先端数センチを起点に曲がるものを「極先調子」、そして「先調子」、「本調子」の順となり、曲がる起点は手元に寄ってくる。
これは、さしエサの違いによるアタリの出方や、その日のコンディション、水深など釣り場の状況の違いにより、硬調、軟調かも含めて選択できる。
強風の日などは、やわらかい穂先では穂先自体が風で曲がってアタリが分かりづらいので、先調子である程度しっかりしたものが使いやすい。
さしエサの違いによるアタリの出方はあるが、必ずしもそうならない場合の方が多いように思う。

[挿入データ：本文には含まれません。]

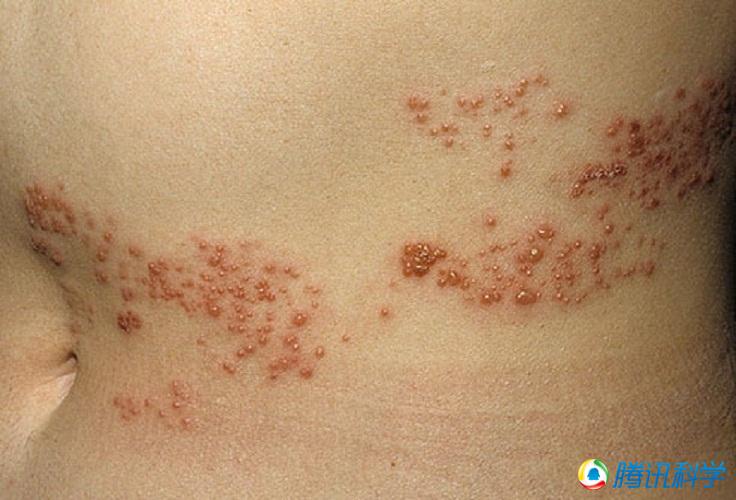 蜘蛛咬伤的五大可能后果等于服用超级伟哥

むしろ微妙なアタリばかりで終わってしまうことの方が多い。
私の場合はエサの違いで穂先を選択することはなく、微妙なアタリをどう捉え、どう食わせるかを優先に考えているが、自分の釣りスタイルや好みによるものも大きい。
また、スムーズに力が元ザオに伝わるということも大事。
これは穂先の先端から10~20cmほどの部分を持ち、ゆっくり90度に曲げてきれいな曲線になるかどうかで分かる。

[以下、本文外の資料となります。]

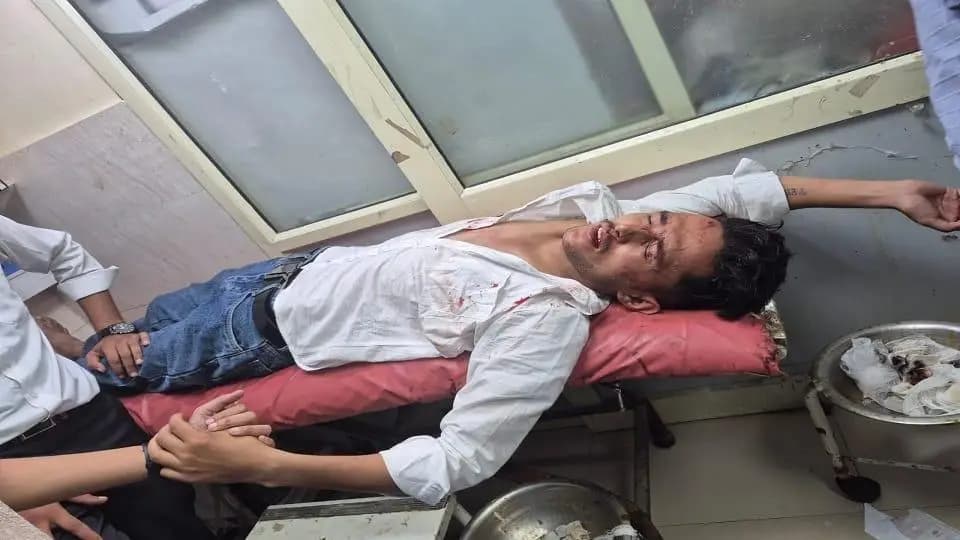 बागेश्वर: बागेश्वर छात्रसंघ चुनाव में हिंसक झड़प, एनएसयूआई नेता गंभीर रूप से घायल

手前に引くと継ぎ手部分のストレスが大きくなって折れることがあるので注意を。
最盛期の中小型が中心の数釣り時のラインは、1~1.2号を使うことが多い。
ハリも含めてトータルバランスが取れていれば、50cm級の年無しの取り込みも難しくない。
穂先の製作
製作は、素材となるソリッドを必要な長さ・太さに削ることから始める。
見本となる穂先や直径を測るデジタルノギスがあると、見本との差が数値として表れるので参考になるだろう。
元ザオとの継ぎ手部分を仕上げた後、全体的なバランスを見ながら好みの調子に削る。
この時、熱が発生しないように十分水を含ませ、粗めのペーパー120番ほどで目標に近い所まで削っていくと早く仕上げられる。
先端が細くなるとペーパーとの摩擦熱でソリッドが変形しやすくなるため、先端部分のペーパーの握りは除々に弱くしていくといい。
あとは細かめのペーパーで滑らかに仕上げ、回転方向のねじれを取る。
これは、先端が細くなるほどねじれやすいため、先端を下にして垂直に持ち、1~2回ほど熱湯をソリッドの中央あたりから先端に移動しながら掛けていく。
これをしないと、ねじれが自然に取れた時に取り付けたガイドの位置が変わってしまう。
【ガイドについて】
ガイドの取り付けだが、数量や取り付け位置などはメーカー品などを参考にした方がいい。
やたらガイドを多くしても張りがなくなり、デメリットの方が大きい。
ガイドは、Sicの場合はチタン製を使えばサビることはない。
先端部分は軽量ワイヤーガイドを使っているが、取り付け部分は3分の1ほどカットして瞬間接着材で固定している。
現在、先端部分のガイド止めの糸巻きはしていないが、巻く場合は先端から順に1個巻いたら瞬間接着剤で止め、糸を切らずに2個目のガイドを巻いて接着する。
順次ひと筆書きの要領で止めていけばいい。
【塗装について】
塗装は、釣具店で販売している漆に似たカシュー(有機溶剤系)や蛍光塗料などを使っている。
カシューは硬化後、粘りがあるためヒビ割れしにくく、艶がある。
一液性のため手っ取り早いが、有機溶剤なので換気の必要があり、閉め切った部屋はNGだ。
折れた穂先の修理
次に折れた穂先の修理だが、穂先の先端径は細いもので0.25mmほど。
イト絡みやオモリの部分まで巻き込んで折ってしまうことがある。
〝あっ〟と思った時はもう遅い。
先端のガイド取り付け部分だけが折れた場合は、数個ガイドを外して少し削れば元通りになる。
残った部分が折れないよう、実釣の際は他の穂先と交換するといい。
ガイド1個分の範囲で折れた場合は、付いているガイドを何個か外して削ればなんとかなる。
それ以上手前で折れた場合は、ガイドを全部外して削っても元のサオとはかなり違ったものになる。
穂先は消耗品に近いと思っているが、高価なので修理できるものは直して使いたい。
愛着も出て、他にはない自分だけのものになる。